■ **EXERCISE AIM**
Could you restate every entry word for word, minus the pictures?

■ **INFORMATION SHOWN**

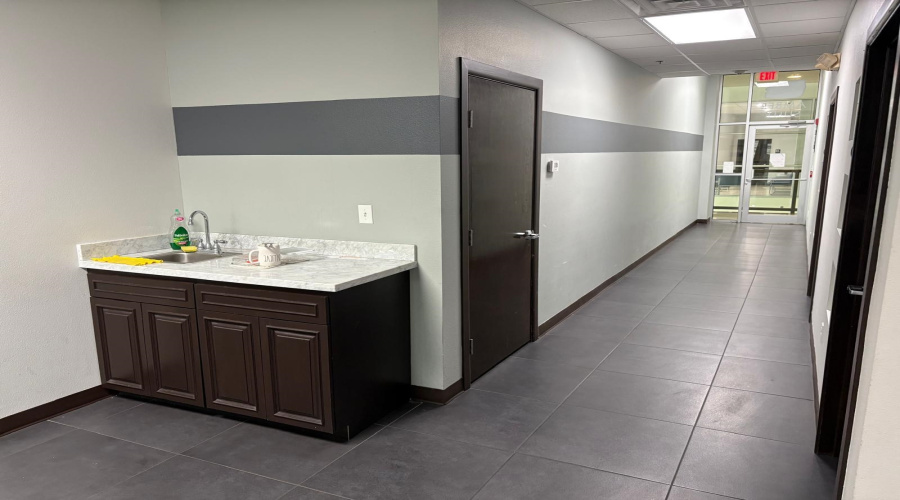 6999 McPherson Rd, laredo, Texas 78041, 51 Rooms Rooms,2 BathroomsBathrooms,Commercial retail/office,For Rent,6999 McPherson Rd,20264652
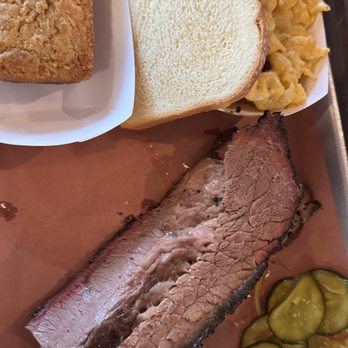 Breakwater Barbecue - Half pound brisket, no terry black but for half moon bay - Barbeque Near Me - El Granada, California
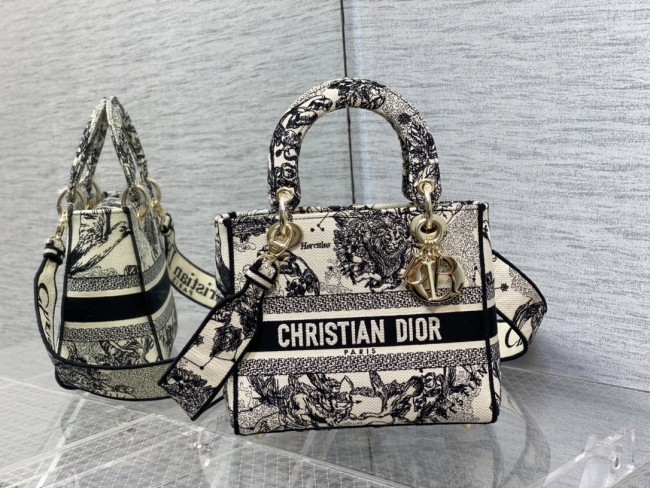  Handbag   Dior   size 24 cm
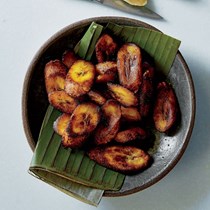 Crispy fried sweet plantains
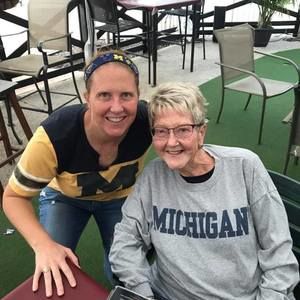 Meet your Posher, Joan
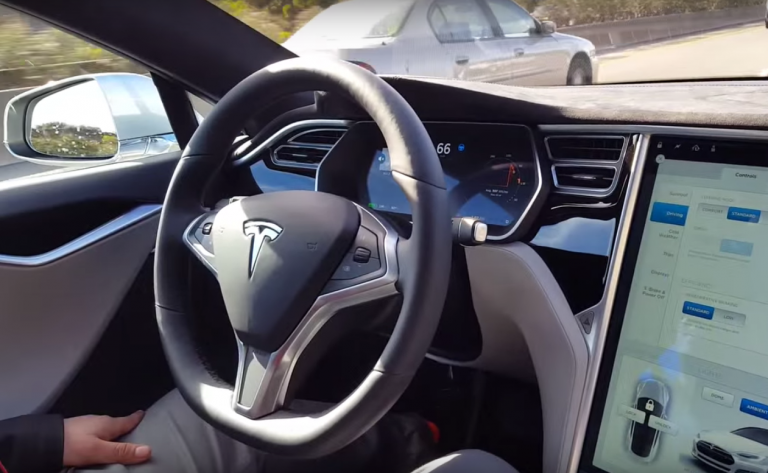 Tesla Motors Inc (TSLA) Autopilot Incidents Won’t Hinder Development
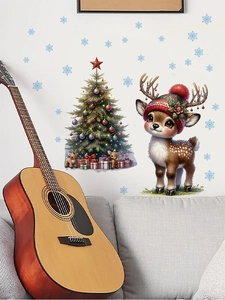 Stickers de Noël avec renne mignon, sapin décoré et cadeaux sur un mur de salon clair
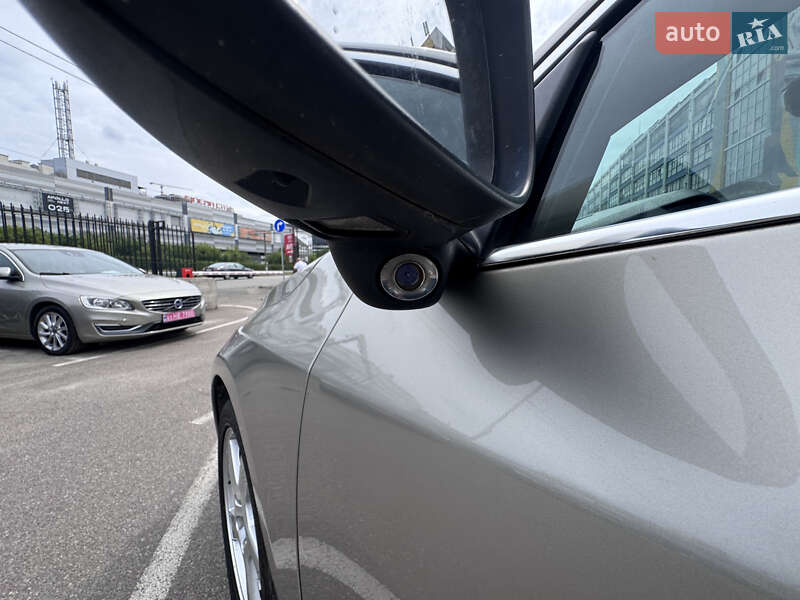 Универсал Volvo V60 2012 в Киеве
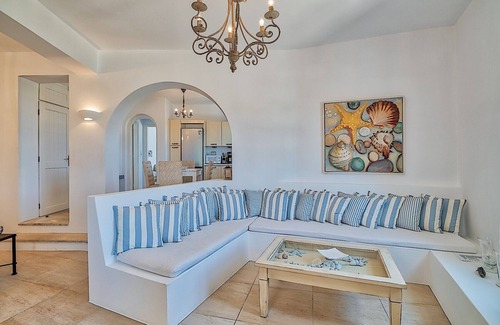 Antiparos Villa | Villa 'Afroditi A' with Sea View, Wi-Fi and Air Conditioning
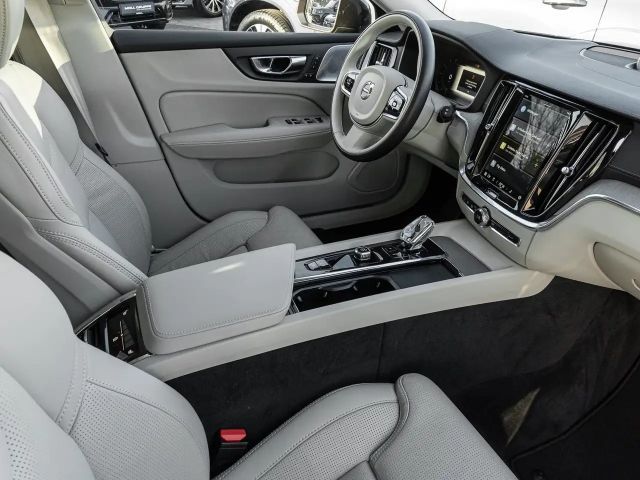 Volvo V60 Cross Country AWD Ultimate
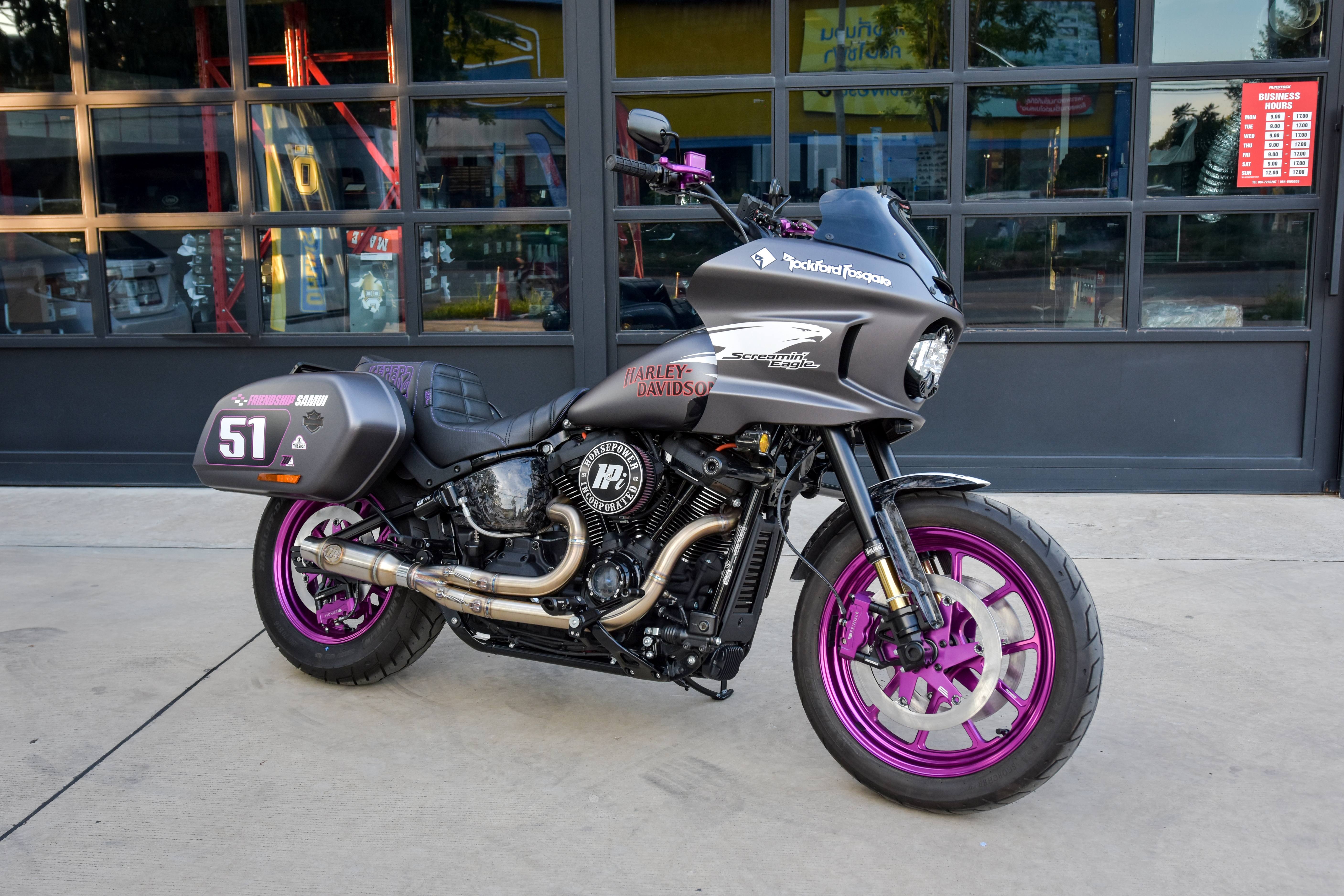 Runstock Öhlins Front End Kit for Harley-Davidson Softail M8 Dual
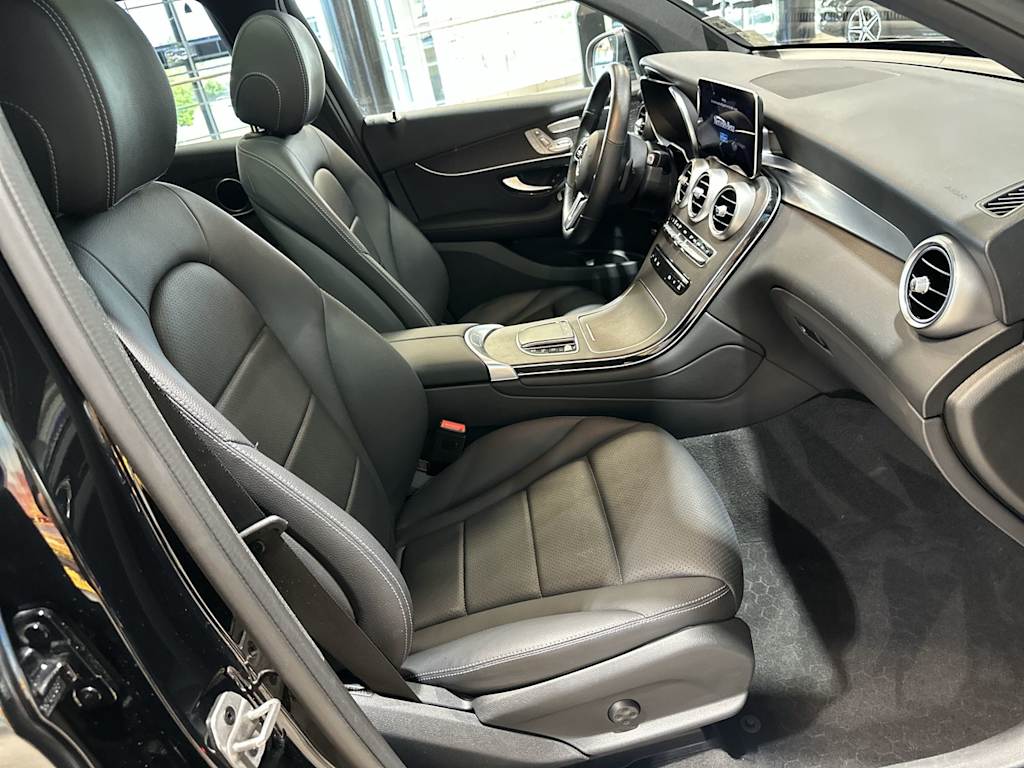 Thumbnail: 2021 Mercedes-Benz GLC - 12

■ **RESPONSE TO THE EXERCISE**
 6999 McPherson Rd, laredo, Texas 78041, 51 Rooms Rooms,2 BathroomsBathrooms,Commercial retail/office,For Rent,6999 McPherson Rd,20264652
 Breakwater Barbecue - Half pound brisket, no terry black but for half moon bay - Barbeque Near Me - El Granada, California
  Handbag   Dior   size 24 cm
 Crispy fried sweet plantains
 Meet your Posher, Joan
 Tesla Motors Inc (TSLA) Autopilot Incidents Won’t Hinder Development
 Stickers de Noël avec renne mignon, sapin décoré et cadeaux sur un mur de salon clair
 Универсал Volvo V60 2012 в Киеве
 Antiparos Villa | Villa 'Afroditi A' with Sea View, Wi-Fi and Air Conditioning
 Volvo V60 Cross Country AWD Ultimate
 Runstock Öhlins Front End Kit for Harley-Davidson Softail M8 Dual
 Thumbnail: 2021 Mercedes-Benz GLC - 12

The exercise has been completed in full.